Task requirements: Directions for the data below: repeat exactly the lines from the one with "Schafgarbe Achillea millefolium" through the one with "Photo of Moto Moto", both included, and omit all pictures.
The data Start Marker
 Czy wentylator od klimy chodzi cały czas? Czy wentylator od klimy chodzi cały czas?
The data End Marker
The data Start Marker
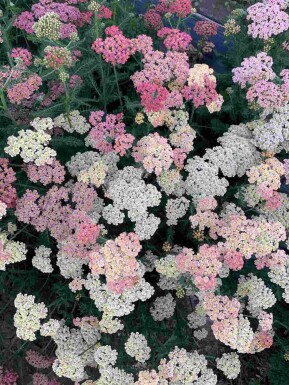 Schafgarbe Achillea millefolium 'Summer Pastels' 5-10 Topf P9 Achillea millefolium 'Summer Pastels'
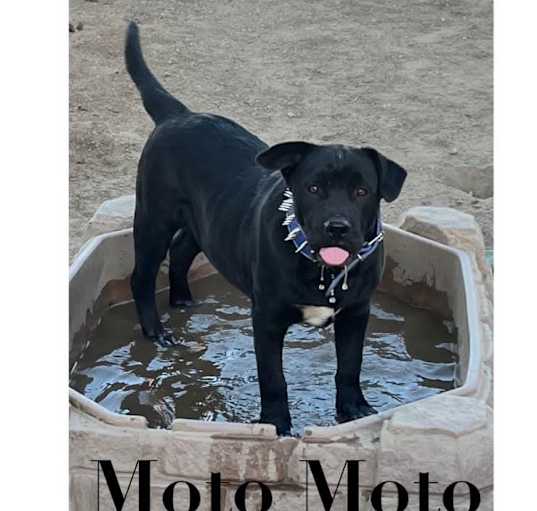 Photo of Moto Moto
The data End Marker
Result of this exercise:
 Schafgarbe Achillea millefolium 'Summer Pastels' 5-10 Topf P9 Achillea millefolium 'Summer Pastels'
 Photo of Moto Moto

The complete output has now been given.